Keluarga Noni yang terpancing emosi, tak mau kalah. Mulai dari menyampaikan punya kebun dan sawah, serta memiliki hubungan kekerabatan dengan orang-orang penting dan berpengaruh.
Kejadian itu dimulai saat awal pertama kali pertemuan dua keluarga. Siapa sangka, ternyata masalah terus berlanjut ke rencana pernikahan, hingga keberlangsungan rumah tangga. “Keluarga dia pengen nikahnya di gedung mewah kayak di Jakarta,” katanya.
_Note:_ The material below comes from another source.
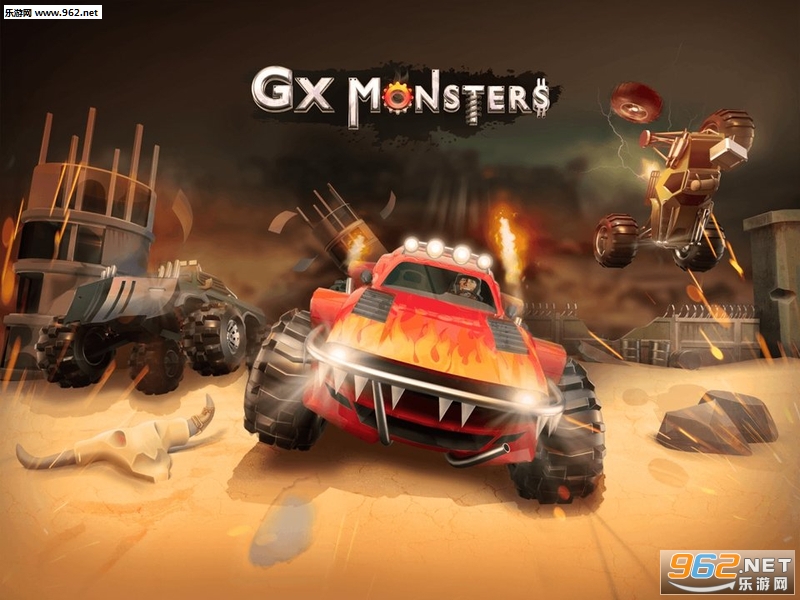 GX Monsters(GXِ܇׿)v1.0.28؈D2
Namun saat itu mereka jadi menikahnya di Serang, di salah satu hotel. Belum cukup sampai di situ, keluarga istri juga terus menuntut agar Tejo bisa mencukupi kebutuhan sehari-hari. “Setiap minggu ditelepon orangtua, nanyain hidup kami berkecukupan apa enggak,” katanya.